Just for the hell of it, I'm letting you comment on this one lone post. Depending on what I see, I may allow more posts to have comments, but I still prefer that people send emails. Why? Because it's obvious that people shoot off when they can do it easily, but when they have to make the effort to write an email, not many people do so.
Go on. Tell me what a fucker I am.
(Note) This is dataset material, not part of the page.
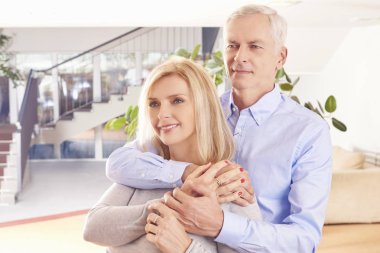 Tatlı yaşlı çift. 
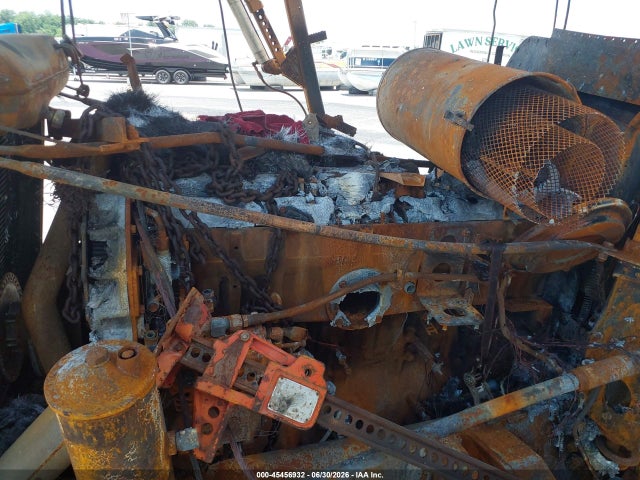 45456932 :رقم المزاد ، 1FVHAHAV11PF93036 vin ، 2001 Freightliner Conventional Fld120 مزاد بيع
Or tell me how many angels can dance on the head of a pin.
Oh, yeah-- hit the permalink to post a comment.
UPDATE: Here's a little story I wrote.
Once there was a little clump of navel lint.
It had big dreams.
It said:
"One day, I'm gonna leave this fuckin' navel."
Then the owner of the navel decided to take a shower.
The navel lint was swamped.
It drowned.
Its sad little corpse swirled down the drain, into eternal obscurity.
THE END
_
Tuesday, May 11, 2004
OPEN THREAD
2 comments:
READ THIS BEFORE COMMENTING!
All comments are subject to approval before they are published, so they will not appear immediately. Comments should be civil, relevant, and substantive. Anonymous comments are not allowed and will be unceremoniously deleted. For more on my comments policy, please see this entry on my other blog.
AND A NEW RULE (per this post): comments critical of Trump's lying must include criticism of Biden's or Kamala's or some prominent leftie's lying on a one-for-one basis! Failure to be balanced means your comment will not be published.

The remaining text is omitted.